Sherry Zvares Sanabria (1937-2014) is an artist of national and international reputation, whose luminous paintings focus on the spaces and locales where people have experienced profound moments in their lives, places that seem to hold the spirits of those who inhabited them.
With a showing at the Phillips Collection in Washington DC in 1980, Sanabria’s painting career has included 40 one-person exhibitions in such public and private spaces as The American Institute of Architects, Washington, DC; The Alexandria Black History Museum, Alexandria, VA; Ellis Island Immigration Museum, New York; Washington County Museum of Fine Arts, MD, as well as at galleries in Washington, DC, Virginia, Georgia, New Jersey and New York City.

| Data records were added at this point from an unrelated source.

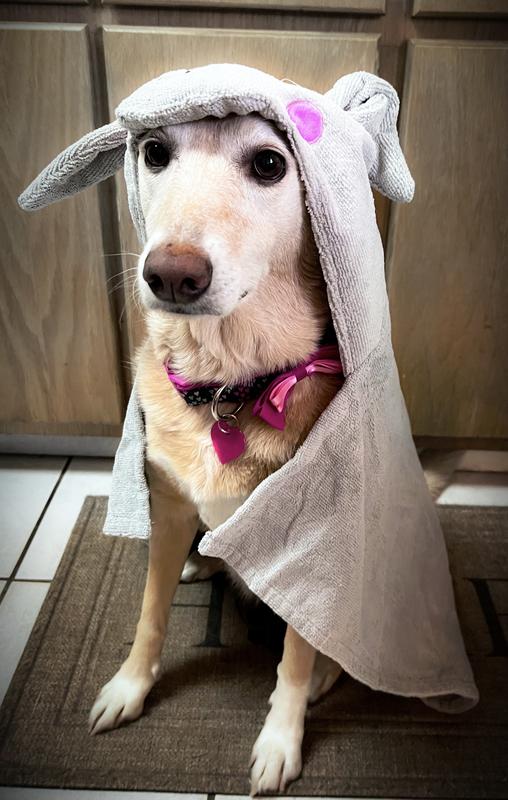 Bamboo Bath Towel for Dogs by Pets So Good Large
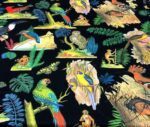 Black Fabric with Forest Birds and Parrot Pattern - Image 5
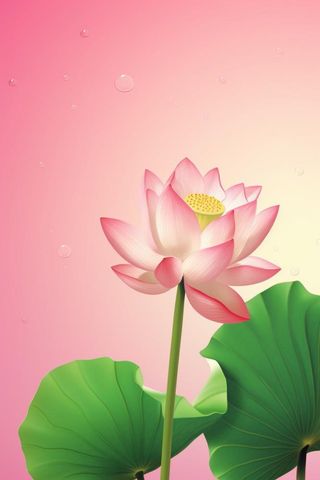 清爽简约创意粉色荷花插画背景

Her work has also been part of more than 40 group exhibitions: The Williams College Museum, MA; Columbia/Barnard University and The American Academy of Arts and Letters, NY; The University of Richmond, VA; Vanderbilt University, TN; Katzen Museum, The Federal Reserve System and the Corcoran Gallery of Art, all in Washington, DC and the Bermuda National Museum, Hamilton, Bermuda. Her paintings have been featured in numerous publications, including: Who’s Who in American Art, American Artist, Southern Accents, Virginia Living, New American Paintings, Art in America, The Washington Diplomat and The Washington Post, among others. Her work is also featured in the books, Fixing the World and The Ashen Rainbow by Ori Soltes.
The permanent collections of museums or other public spaces also include Sanabria’s works, as do numerous corporate and private collections, both nationally and in Europe. Among the public collections are: The Phillips Collection, The Washington Post Company, Washington Convention Center, AARP, KPMG Peat Marwick, American University, The George Washington University, The Vice President of the United States Residence Foundation, all in Washington, DC; Washington County Museum of Fine Arts, MD; The McGraw Hill Publishers, New York; Philip Morris USA, VA; and private collections in the United States, England, France and Austria.